Problem to work on:
Leaving out the pictures, print exactly the lines from the one holding "LITLANDSTAR 15-gallon grow" to the last line of the entries below, both included, and nothing more.

==== Source information

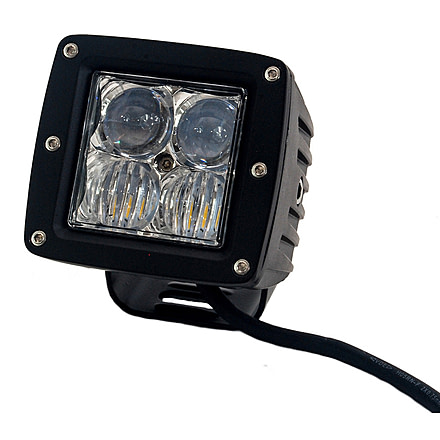 Tuff Stuff Overland LED Cube Spotlight, 2x2 inch, Flood/Spot Beam, 20 Watt, 1860 Lumens, Black, NSN N, TS-LED-2X2-FBSB-20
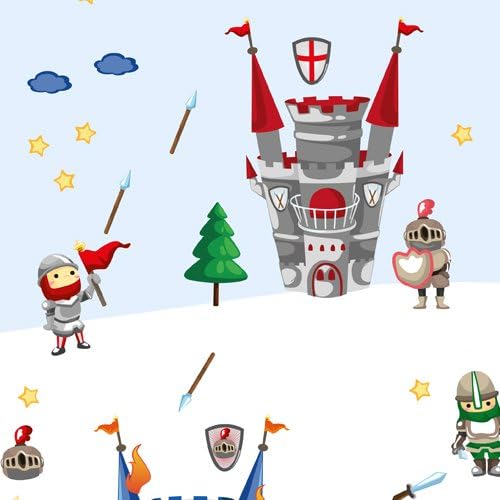 Wandkings Ritter Wandsticker Megapack Set, 82 Aufkleber, Gesamtfläche 260 x 70 cm
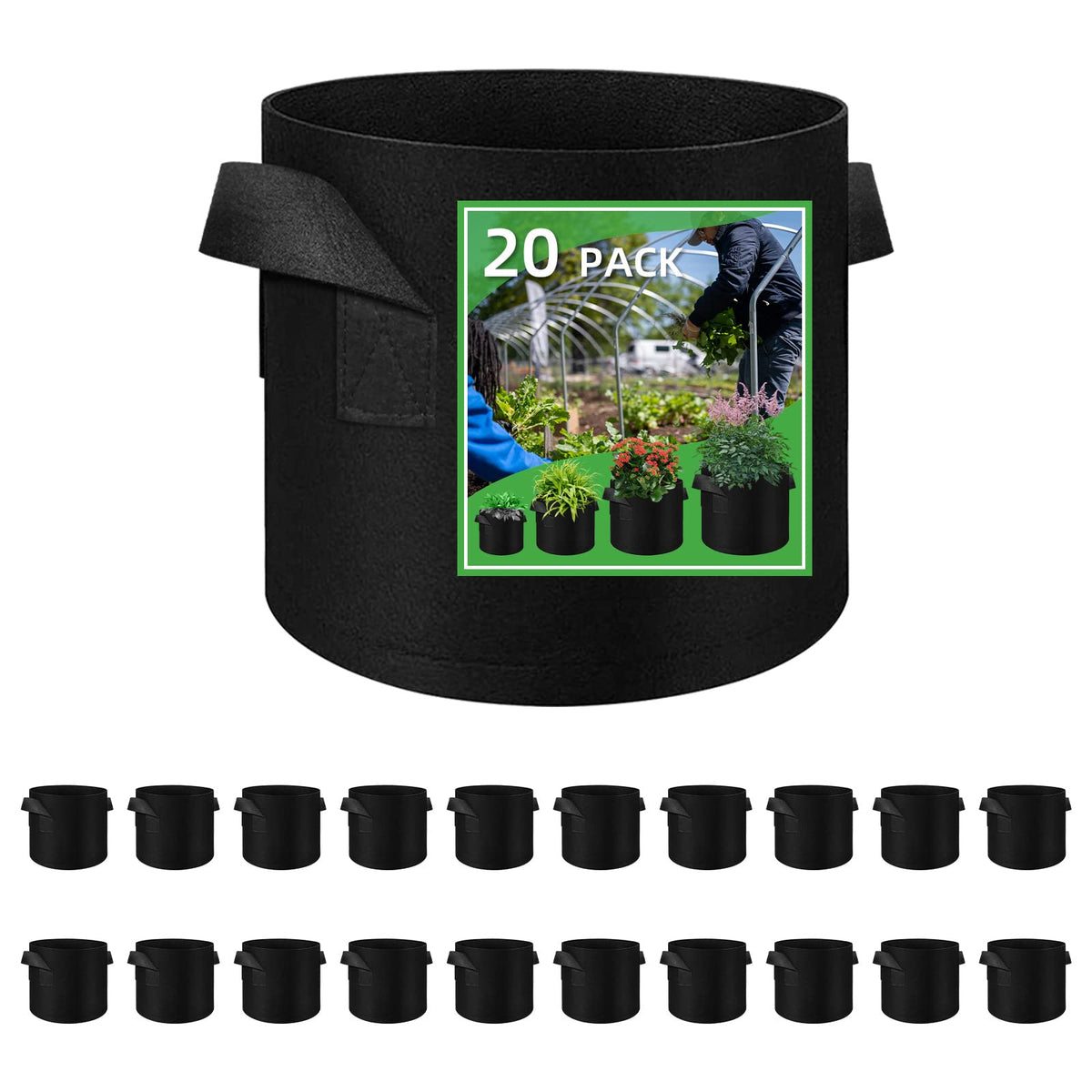 LITLANDSTAR 15-gallon grow bag showing breathable fabric for healthy root growth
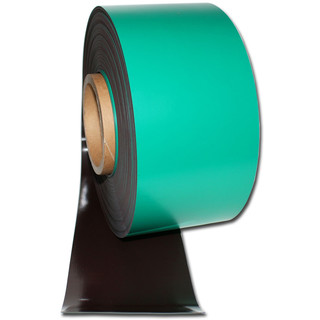Magnetic tape isotropic marking tape Width 100 mm x rm. Green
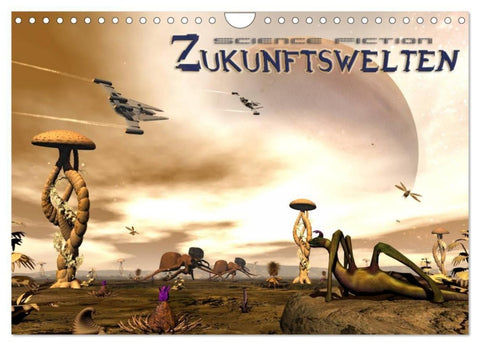 Zukunftswelten (Science Fiction) (Wandkalender 2027 DIN A4 quer), CALVENDO Monatskalender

========

Written response:
 LITLANDSTAR 15-gallon grow bag showing breathable fabric for healthy root growth
Magnetic tape isotropic marking tape Width 100 mm x rm. Green
 Zukunftswelten (Science Fiction) (Wandkalender 2027 DIN A4 quer), CALVENDO Monatskalender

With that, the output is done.